As a recruiter, it’s always been a part of my job to be aware of hiring trends. Since 2020, it’s become a part of my job to be aware of RIF (Reduction in Force) across the marketplace. Since 2021, it’s become a part of my job to try to manage the whiplash I’ve experienced as a recruiter during The Great Resignation.
With these added challenges and recent shifts in the workforce, I became a member of The Great Resignation. It seemingly happened quickly and then slowly all at once. I had just returned from maternity leave after having my second son and I felt ready for a new challenge. (As if having a four year old and an infant wasn’t enough of a challenge). I was receiving 7-10 InMails a day from recruiters or hiring managers on LinkedIn. Obviously, it felt flattering to be wanted by all of these companies for such exciting opportunities.
Eventually, I made the decision to leave Calendly and take on a new challenge. In hindsight, leaving a job right after returning from maternity leave is probably not the best decision I could have made at the time, but I was all in. Then, a quick six months later, I was lucky enough to be hired back at Calendly into a new-ish role that better fit my long-term career goals and passions. But what am I most excited about? Returning to a company where I am deeply aligned with the mission and the product and the problem it solves for its users.
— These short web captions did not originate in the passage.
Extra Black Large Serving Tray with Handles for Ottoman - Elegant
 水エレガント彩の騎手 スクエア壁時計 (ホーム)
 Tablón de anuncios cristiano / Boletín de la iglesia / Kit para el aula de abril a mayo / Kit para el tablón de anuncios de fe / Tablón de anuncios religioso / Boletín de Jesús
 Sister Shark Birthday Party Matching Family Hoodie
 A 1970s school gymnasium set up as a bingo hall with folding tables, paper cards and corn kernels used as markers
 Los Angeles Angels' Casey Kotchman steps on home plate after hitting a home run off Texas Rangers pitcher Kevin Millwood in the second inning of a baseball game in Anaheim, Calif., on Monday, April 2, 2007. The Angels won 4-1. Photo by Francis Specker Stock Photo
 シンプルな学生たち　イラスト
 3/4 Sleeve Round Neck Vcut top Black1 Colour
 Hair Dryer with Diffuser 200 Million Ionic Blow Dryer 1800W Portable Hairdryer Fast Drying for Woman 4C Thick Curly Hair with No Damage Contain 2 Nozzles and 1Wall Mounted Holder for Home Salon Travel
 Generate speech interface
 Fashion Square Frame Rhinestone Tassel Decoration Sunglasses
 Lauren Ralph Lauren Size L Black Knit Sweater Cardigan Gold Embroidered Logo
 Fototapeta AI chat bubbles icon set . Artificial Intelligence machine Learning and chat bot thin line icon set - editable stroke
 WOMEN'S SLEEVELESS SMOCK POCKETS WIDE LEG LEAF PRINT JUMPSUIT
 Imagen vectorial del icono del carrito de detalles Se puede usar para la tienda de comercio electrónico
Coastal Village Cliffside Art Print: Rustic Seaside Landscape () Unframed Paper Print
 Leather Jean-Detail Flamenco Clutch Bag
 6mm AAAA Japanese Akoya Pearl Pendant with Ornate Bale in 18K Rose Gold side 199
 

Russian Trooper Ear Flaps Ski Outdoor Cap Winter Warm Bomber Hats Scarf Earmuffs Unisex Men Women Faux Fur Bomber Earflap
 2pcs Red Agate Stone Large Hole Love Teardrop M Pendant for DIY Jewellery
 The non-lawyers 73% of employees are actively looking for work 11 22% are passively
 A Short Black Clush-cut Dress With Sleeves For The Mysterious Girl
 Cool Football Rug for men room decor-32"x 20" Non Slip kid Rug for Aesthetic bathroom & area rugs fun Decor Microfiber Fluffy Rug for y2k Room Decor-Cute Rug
Two things I learned from my experience
First - Yes, there are exciting, challenging opportunities out there. In fact, most of them will pay you significantly more. It’s common knowledge that the easiest way to get a significant raise is to get a new job. However, if you don’t know your “why” AND your “why now” behind a career move then that’s a red flag you need to make space for to really dissect.
What I would recommend when it comes to figuring out your “why” and “why now” is one simple question - is what is bothering me about this role/company/workload right now temporary or permanent? In most cases it is going to be temporary and you can cool your jets and decide a good game plan.
Secondly, career moves don’t always have to happen by leaving your company. You can make big career moves at your current company. This can look anything like yes, the obvious - a promotion. But a lateral change is great too. It diversifies your resume and your experience. You can also raise your hand for exposure to other teams and projects. You can also start people initiatives or programs within your company that can lead you into a path you never thought of. It’s so easy to think a big change has to come by leaving your current role - but sometimes those new challenges or exciting opportunities exist within your current organization.
To those considering diving into the great resignation and leaving your current role
I invite you to really dissect your “why” and “why now”. I also invite you to be open to the idea of really exploring big challenges and opportunities at your current company. Don’t let yourself get complacent in your role. Encourage yourself to be creative in identifying ways to challenge yourself at your current company and in your current role.